▶ **Task instructions**:
Beneath this line are entries. Copy the range from the line with "1156 E Cove Pl., Encinitas, CA 92024" to the line with "Casă individuală cu", ends included, exactly; leave pictures out.

▶ **Input records**:
··········

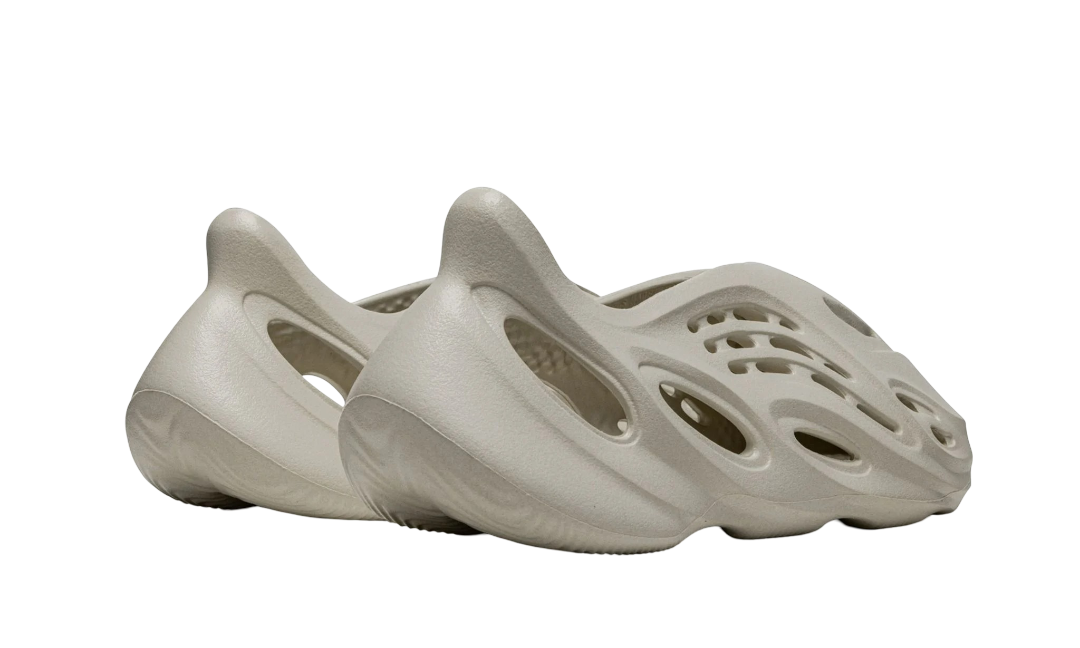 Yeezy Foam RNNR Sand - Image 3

··········

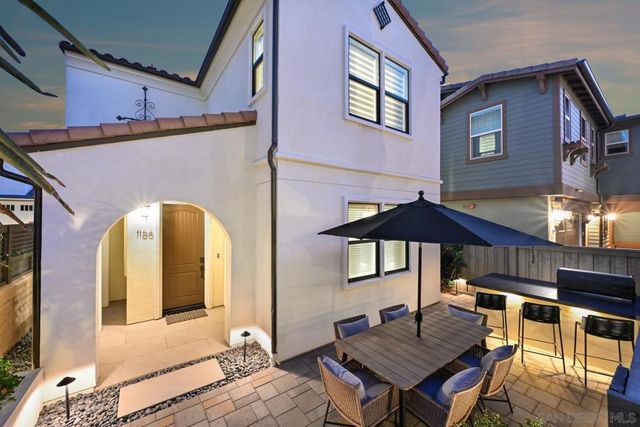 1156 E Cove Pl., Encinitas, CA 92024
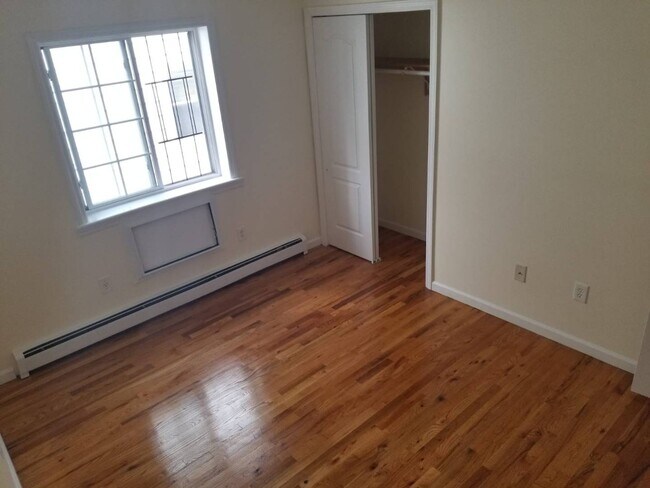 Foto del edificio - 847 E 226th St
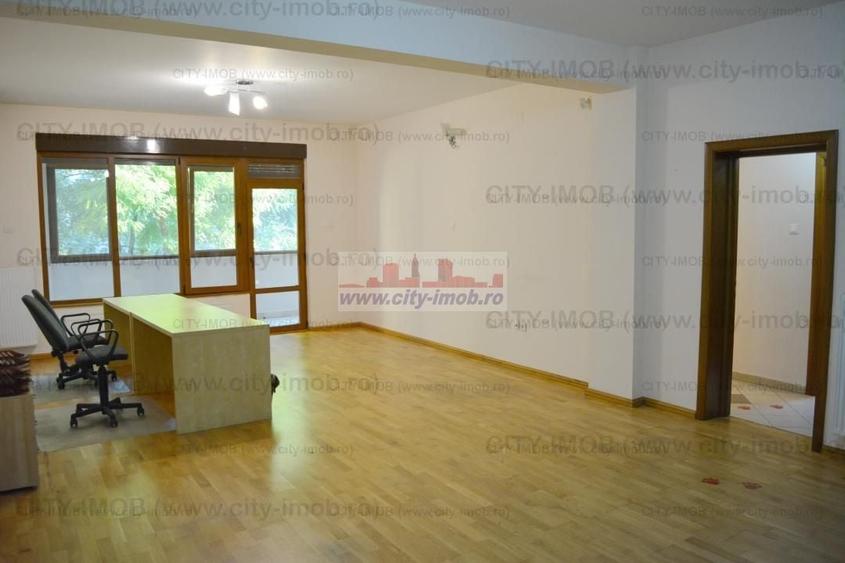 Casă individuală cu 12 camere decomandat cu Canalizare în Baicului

··········

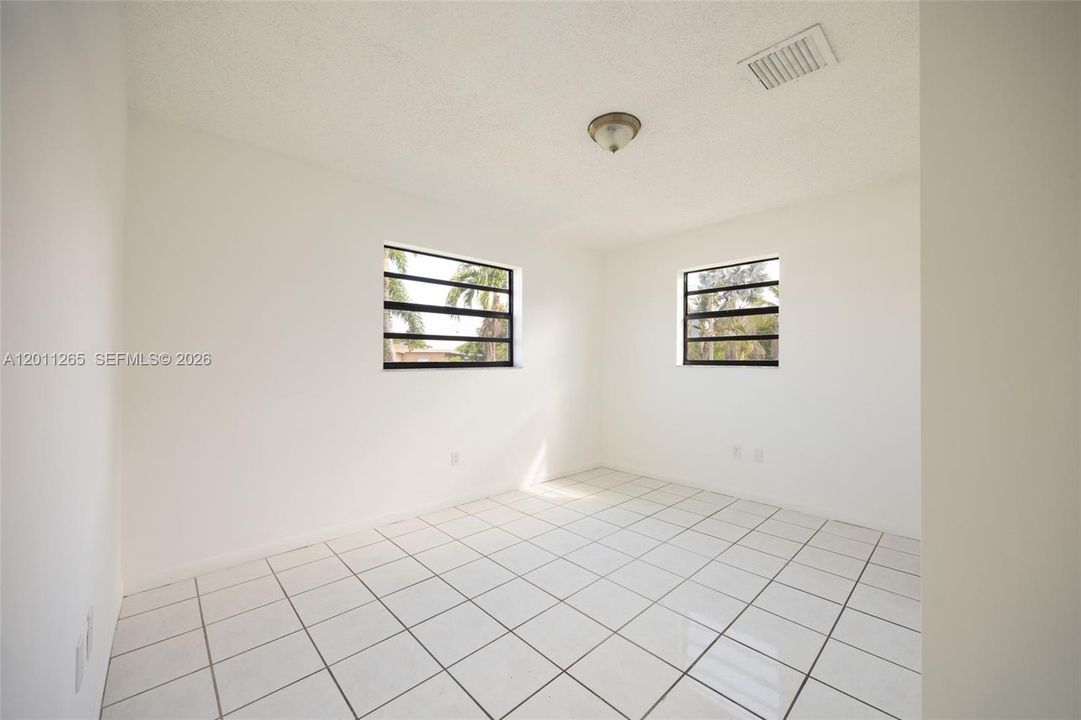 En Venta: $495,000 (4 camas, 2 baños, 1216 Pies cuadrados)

··········

▶ **Result of the task**:
 1156 E Cove Pl., Encinitas, CA 92024
 Foto del edificio - 847 E 226th St
 Casă individuală cu 12 camere decomandat cu Canalizare în Baicului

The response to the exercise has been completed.